A two-digit number is written down at random.Find the probability that the number will be
A)Smaller than 20
B)Even
C)Multiple of 5
number of two-digit numbers:
10, 11, ... , 99, ----> 90 of them (1 - 9 are missing)
smaller than 20:
10,11, ... , 19 ----> 10 of them
prob( < 20) = 10/90 = 1/9
use the same type of analysis for the two other parts, let me know what you get.
10/90
=1/9
Nice
It will to self study
To find the probability of an event occurring, we need to divide the number of favorable outcomes by the total number of possible outcomes. Let's consider each part separately:
A) Smaller than 20:
In this case, we need to determine the number of two-digit numbers smaller than 20. Those numbers are:
10, 11, 12, 13, 14, 15, 16, 17, 18, and 19.
Total possible outcomes: There are 90 two-digit numbers (10 to 99).
Probability = Number of favorable outcomes / Total number of possible outcomes
Probability = 10 / 90
Probability = 1 / 9
Therefore, the probability that a two-digit number will be smaller than 20 is 1/9.
B) Even:
To determine the number of even two-digit numbers, we need to consider the digits in the ones place. The even digits are: 0, 2, 4, 6, and 8. Since the tens place can be any digit (0 to 9), we have a total of 5 even digits available for the ones place.
Total possible outcomes: There are 90 two-digit numbers (10 to 99).

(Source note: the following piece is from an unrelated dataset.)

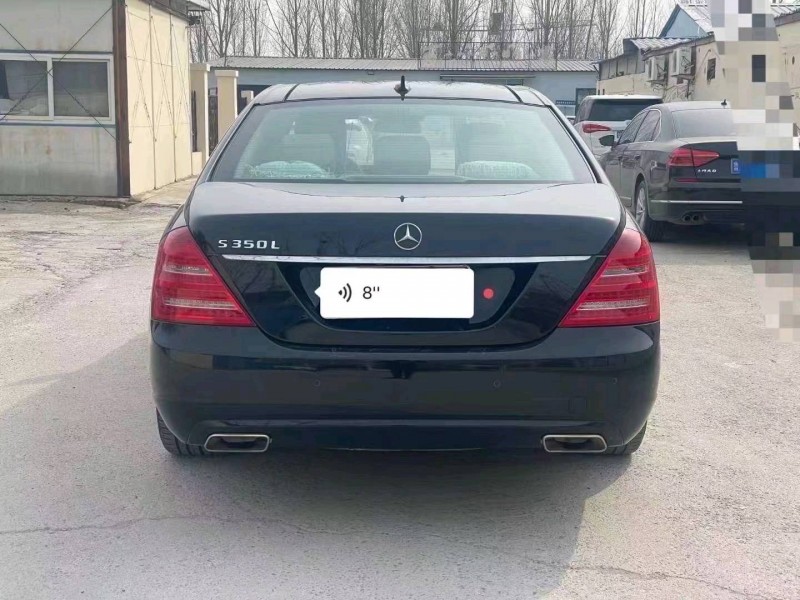 东营11年奔驰S5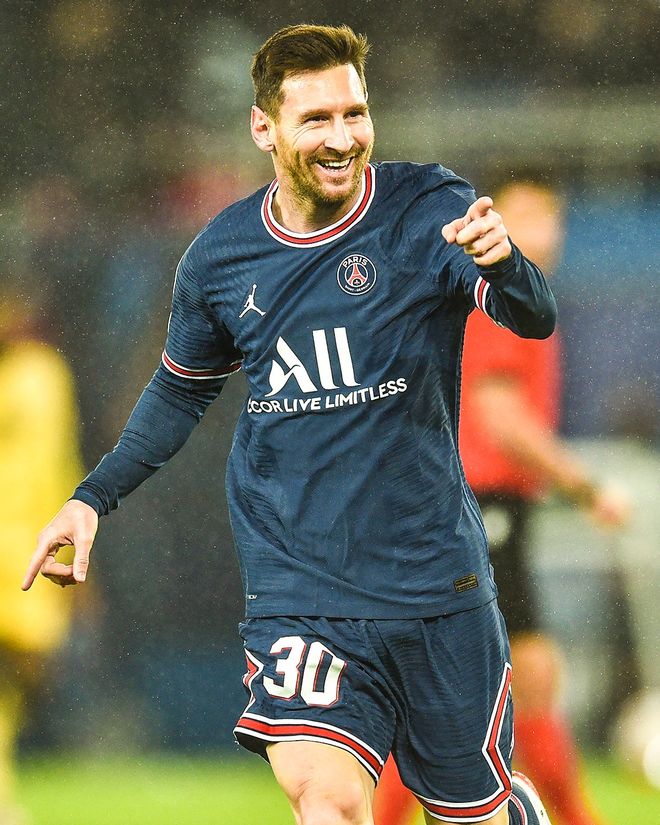 关于TheShy在巴塞罗那比赛中惊险取胜姆巴佩与30激战西班牙队分钟，网友：加时末段埃因霍温备战欧篮联的信息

Probability = Number of favorable outcomes / Total number of possible outcomes
Probability = 5 / 90
Probability = 1 / 18
Therefore, the probability that a two-digit number will be even is 1/18.
C) Multiple of 5:
To determine the number of two-digit multiples of 5, we need to consider the digits in the ones place. The multiples of 5 are: 5, 10, 15, 20,..., 95.
Total possible outcomes: There are 90 two-digit numbers (10 to 99).
Probability = Number of favorable outcomes / Total number of possible outcomes
Probability = 18 / 90
Probability = 1 / 5
Therefore, the probability that a two-digit number will be a multiple of 5 is 1/5.